Bilim Nedir, Nasıl Yapılır, Kimler Yapar?

Bilim Nedir, Nasıl Yapılır, Kimler Yapar?

Bilâl AYDEMİR Makine Mühendisi (Ar-Ge Departmanı) – Duyar Vana Makine Sanayi A.Ş.

Bilim Nedir, Nasıl Yapılır, Kimler Yapar?

Dünya teknik ilerleme ile değişiyor. Özellikle bilgisayarların gelişmesi ile ivme kazanan bilgi çağı, değişimin hızını daha da artırdı. Oysa eskiden bu süreçler çok daha yavaş gerçekleşiyordu. Örneğin, Orta Çağ Batı toplumlarında Rönesans ve Reform’un ortaya çıkmasıyla son bulmuş olsa da tarım odaklı üretim sistemi değişimin hızlı gerçekleşmesine engel oldu ve yaklaşık bin yıl sürdü. Dönüşümü asıl hızlandıran sanayi devrimleri oldu. Tarım ve el becerisine dayalı üretim sisteminden endüstriyel makine üretimine geçilmesi değişimin hızlanmasını da beraberinde getirdi. Böylelikle, insanlığın binlerce yıllık uzun tarihi dikkate alındığında, dünyadaki değişimin hızlanmasını yaklaşık 300 yıllık bir olgu olarak görmek mümkün.

Kimi zaman günümüzü daha iyi anlamak için gerilere gitmekte fayda var çünkü bugün 1 haftada olup biten bir olay 500 yıl önce 1 yıl sürebiliyordu ve bu geniş zamana yayılım ise bir takım olguların temelini anlamakta bize fazlasıyla yardım etmekte… Nasıl mı?

6 Eylül 1522 günü bir hayalet gemi Sevilla limanına çıkmak üzere Guadalquivir Nehri’nin girişine yanaşır.
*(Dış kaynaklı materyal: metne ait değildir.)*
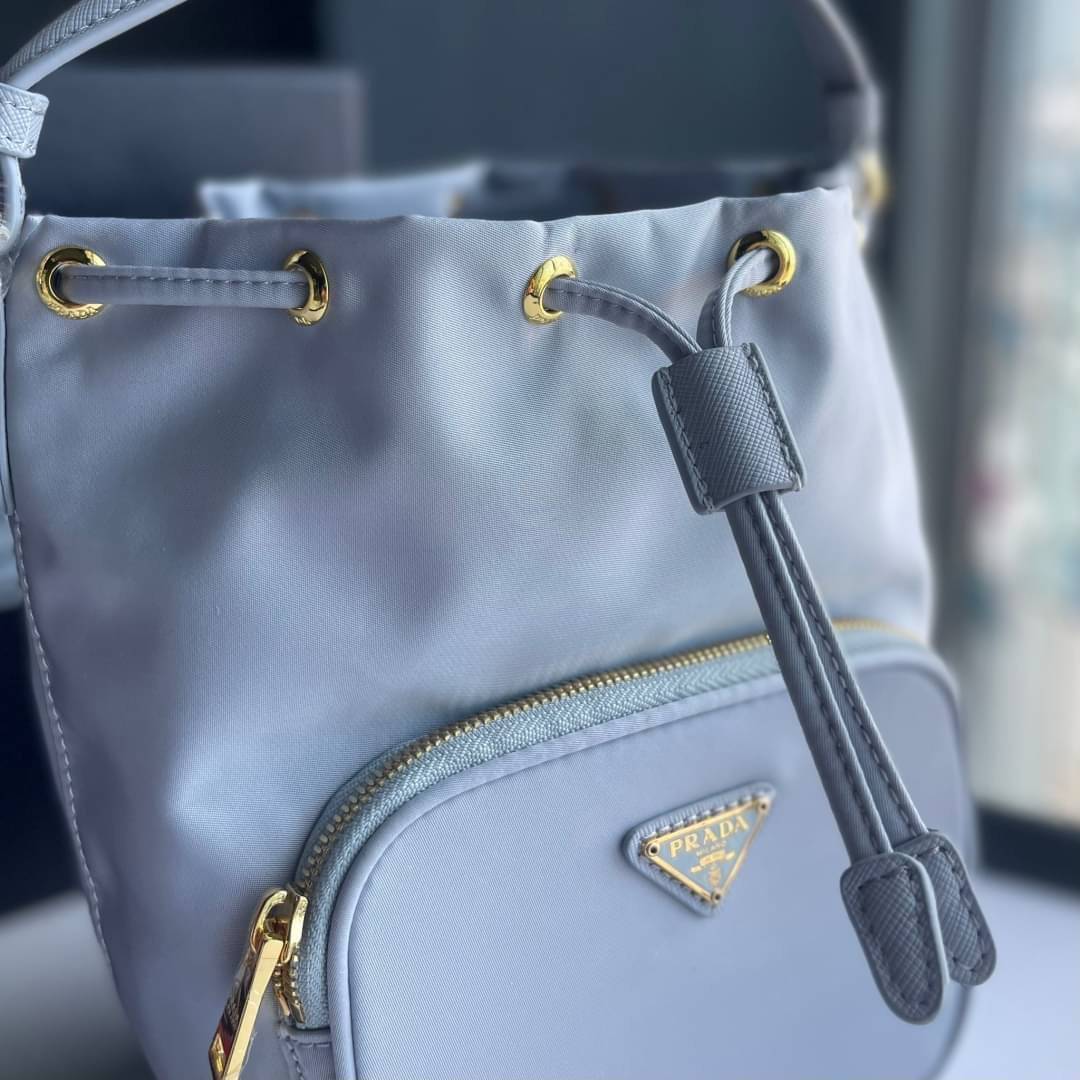 Prada Duet Re-Nylon Bucket shoulder bag / Prada Nylon bucket bag Pastel เกรดใช้สลับใบจริง ออริจินอล ใช้งานต่างประเทศได้ น้องสาวสุดสวยมาให้จับจองอีกหนึ่ง สีพาสเทลน่ารักละมุนมากๆ ค่ะ กระเป๋าสะพายข้าง ทรงขนมจีบ ไซส์มินิ ขนาดน่ารักน่าใช้มาก วัสดุขอบหนังแท้ แล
Boyası dökülmüş, yelkenleri yırtılmış, halatları çürümüş ve her haliyle sürekli su aldığı belli olan geminin güvertesinde elbiseleri yırtık, avurtları açlıktan çökmüş, vücutları yara içinde on sekiz gemici boş bakışlarla tam üç yıl önce demir alıp okyanuslara açıldıkları bu sulara bakmaktadır. Sevilla’da karaya çıplak ayak çıkıp ellerinde tuttukları mumlarla Santa Maria Katedrali’ne yürür ve bu yolculuğu sağ olarak bitirdiklerinden dolayı dua ederler.

Victoria gemisinin bu on sekiz kişilik mürettebatı, 1519 yılında Macellan’ın beş gemi ve iki yüz elli kişiyle çıktığı büyük keşif gezisinden geriye kalanlardır. Aralarında Macellan yoktur.

Ama biz hikâyemize baştan başlayalım.

İpek Yolu’nun biz Türklerin eline geçmesiyle Avrupa’nın Doğu dünyasıyla olan ticareti zora girmişti. Deniz yoluyla Baharat Adaları’na giden bir yol bulmak ve bu yolun imtiyazını kullanarak Avrupa’nın en zengin ülkesi olmak hayali iki komşu ülke İspanya ve Portekiz’i denizlerde yüzyıllarca sürecek sert bir rekabete sokmuştu.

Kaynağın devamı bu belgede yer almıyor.